▸ TASK STATEMENT
Given these entries, repeat exactly the lines starting with the one that has "Now for velocity." and going on through the one that has "If any changes", both included, but none of the pictures.
*** Opening DATA SUPPLIED ***
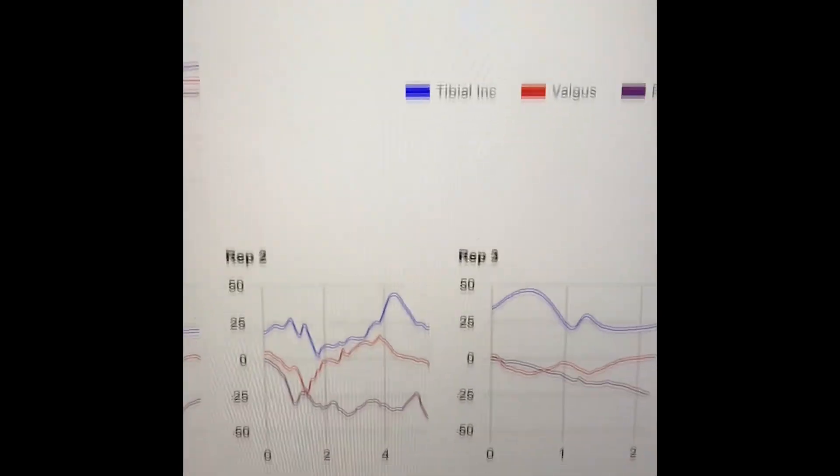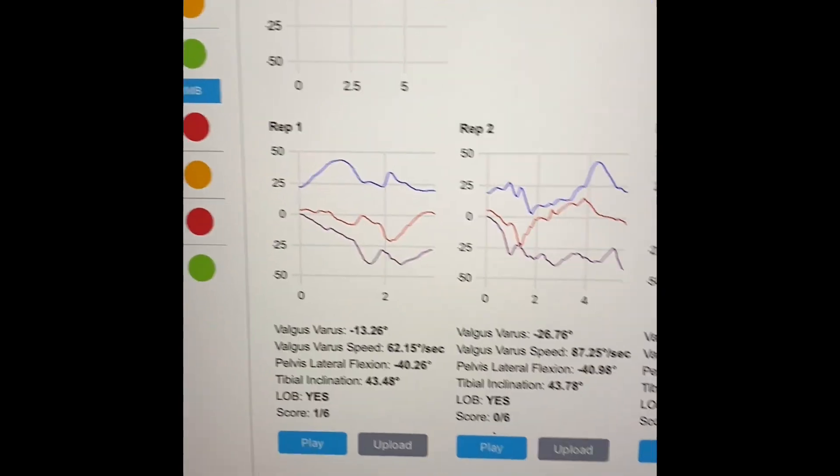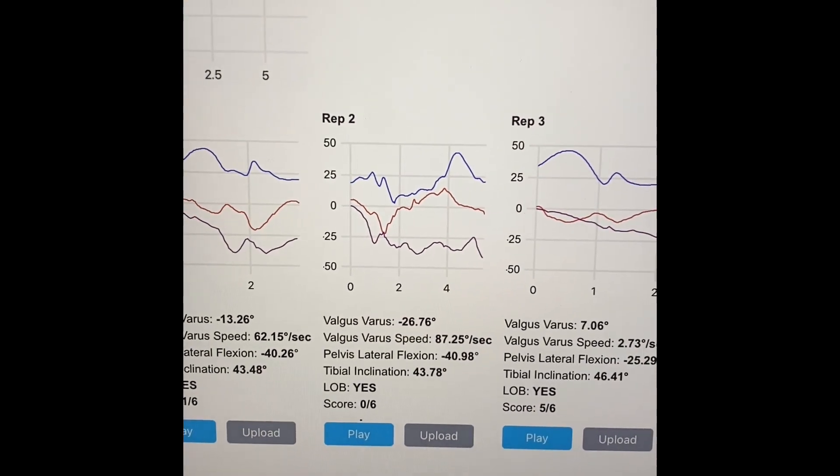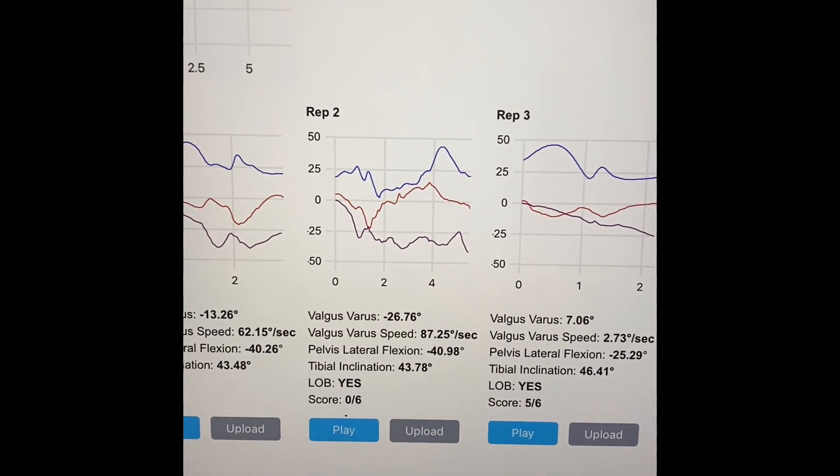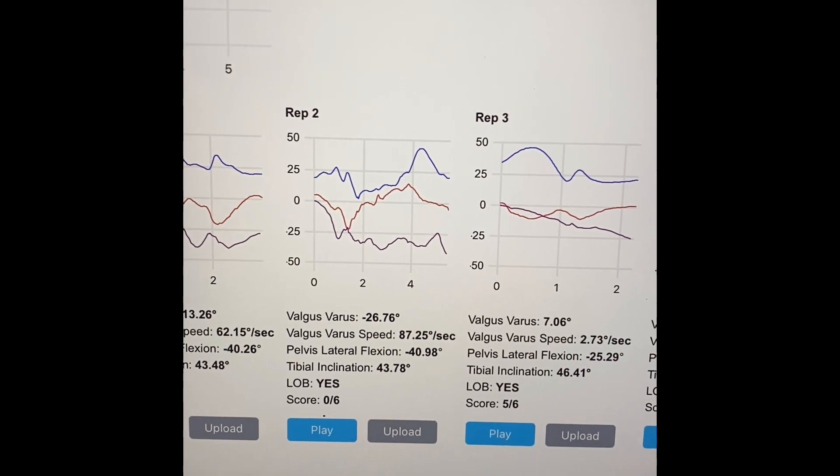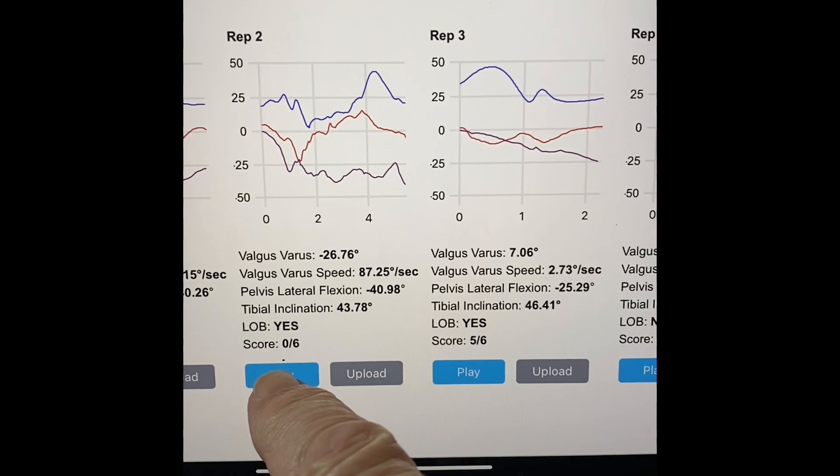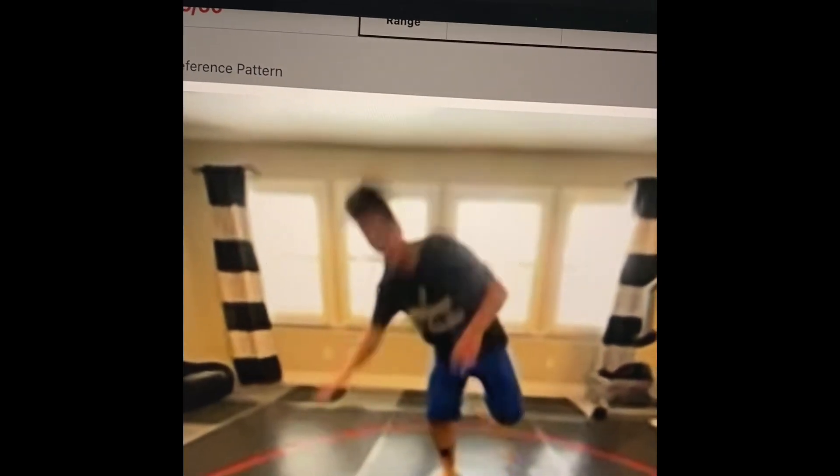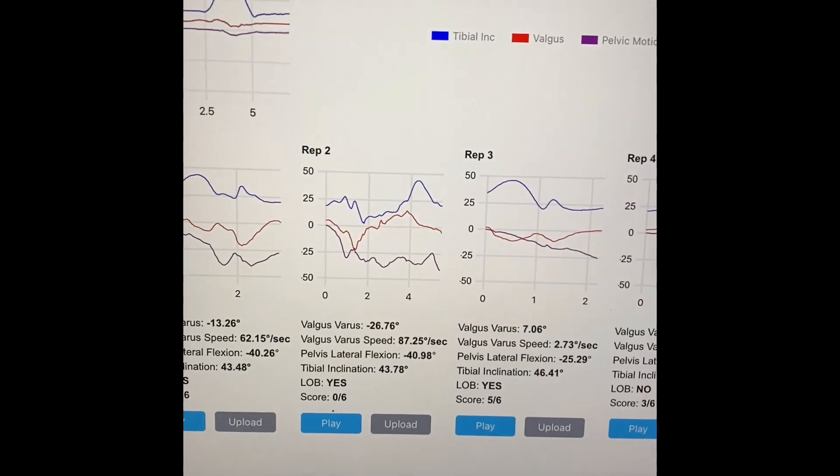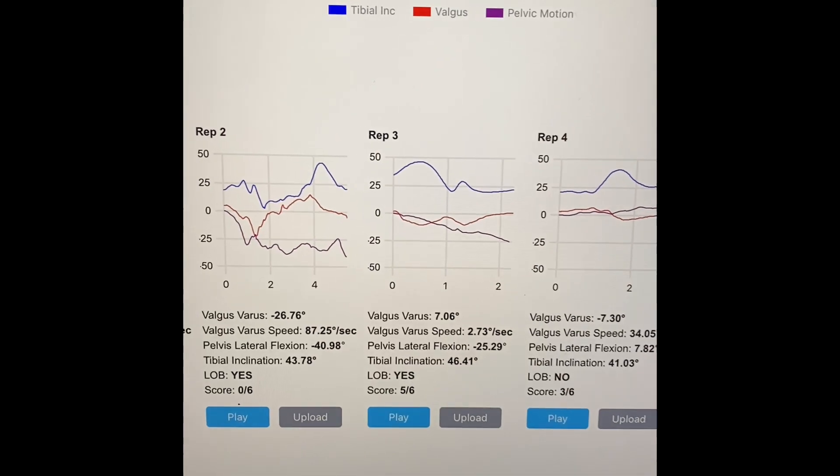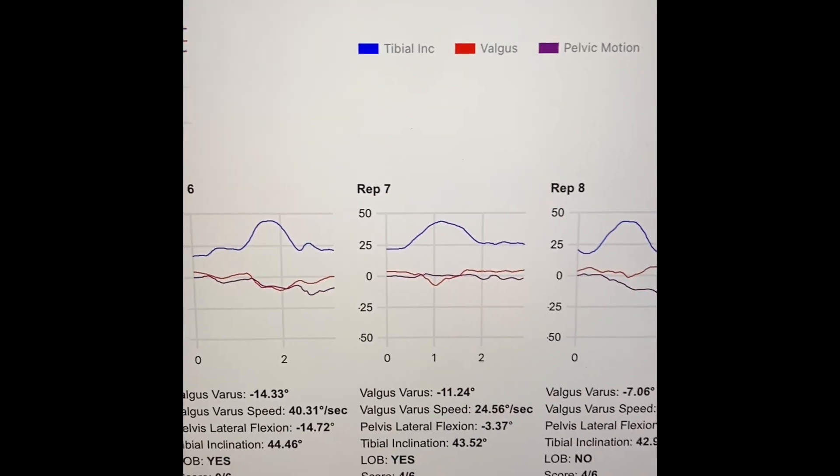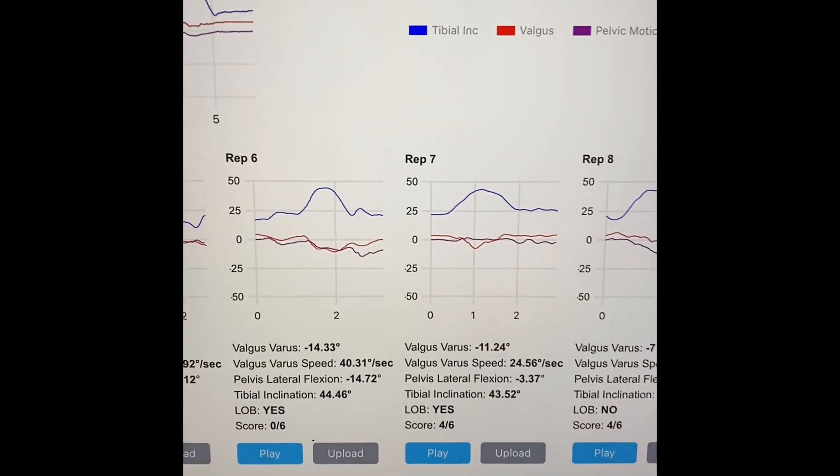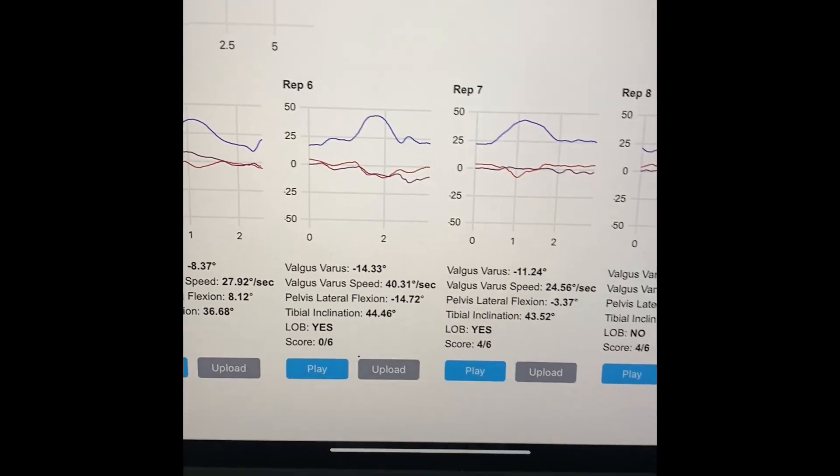Now here's where we get some really cool stuff. So I can take a look at each one of the individual movements. I can see where his valgus was greatest, where his speed of valgus was greatest. And then what I can actually do is hit play and I can actually see what that individual movement looked like. So obviously he did not do very well on that particular motion and we can see that recorded. So you can actually see that by individual rep as we scroll across the screen. And again, all you would have to do is hit that play button to view the individual repetition.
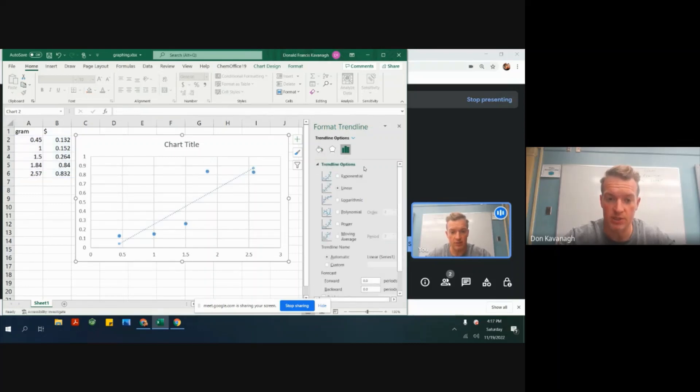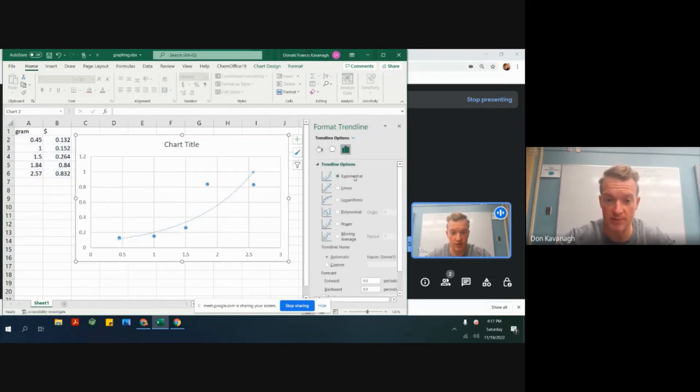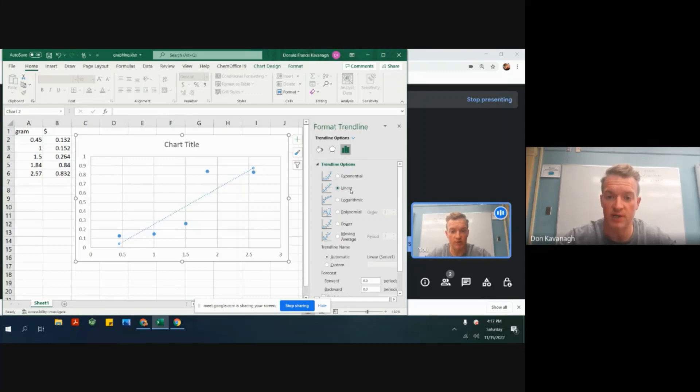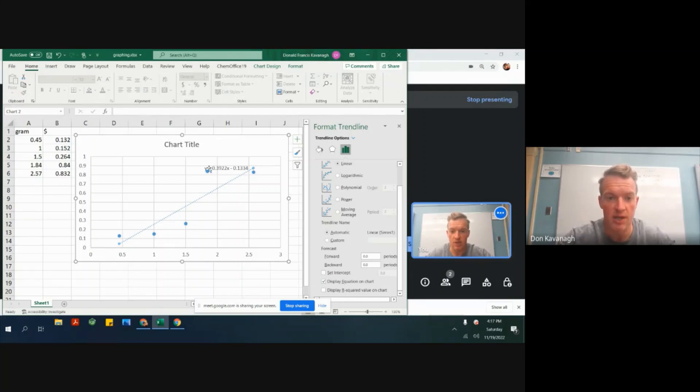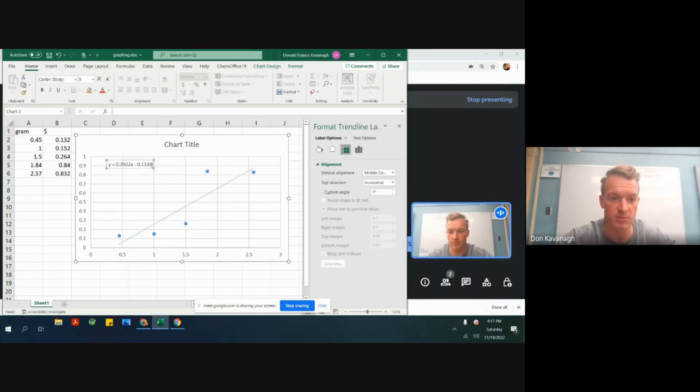And then here we see all these different types of trend lines right here. We want to find linear, which is the default. Then we scroll down here and it says display the equation on the chart. And here we have our bread and butter, what we're looking for, the y equals mx plus b format for a straight line.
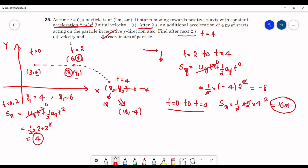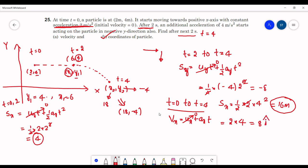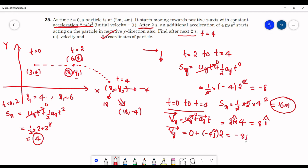Now for velocity. In the x direction: vx = ux + ax·t = 0 + 2×4 = 8 m/s in the positive x direction, so vx = 8î. In the y direction, initial velocity is 0, acceleration is −4ĵ, and it acts only from t=2 to t=4 (2 seconds). So vy = 0 + (−4)×2 = −8 m/s, giving vy = −8ĵ. The total velocity is 8î − 8ĵ m/s.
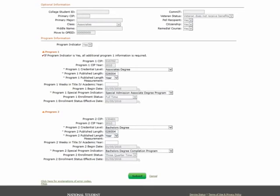If any changes are needed, you should make the updates in the appropriate data fields. Please note, grayed-out fields cannot be edited. When you are done, select the submit button located at the bottom of the page.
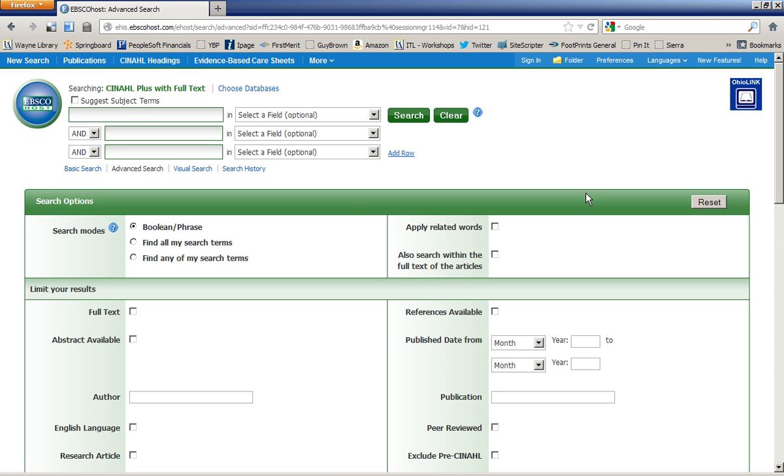Let's say I'm interested in articles on what it's like to be an emergency room nurse. So what I'm going to do is start out by entering in my main topic here, emergency room. I'm going to leave off the concept of nursing, because after all, I am searching a nursing database. And then I can click on Search.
*** Closing DATA SUPPLIED ***
▸ FINISHED EXERCISE
Now for velocity. In the x direction: vx = ux + ax·t = 0 + 2×4 = 8 m/s in the positive x direction, so vx = 8î. In the y direction, initial velocity is 0, acceleration is −4ĵ, and it acts only from t=2 to t=4 (2 seconds). So vy = 0 + (−4)×2 = −8 m/s, giving vy = −8ĵ. The total velocity is 8î − 8ĵ m/s.
If any changes are needed, you should make the updates in the appropriate data fields. Please note, grayed-out fields cannot be edited. When you are done, select the submit button located at the bottom of the page.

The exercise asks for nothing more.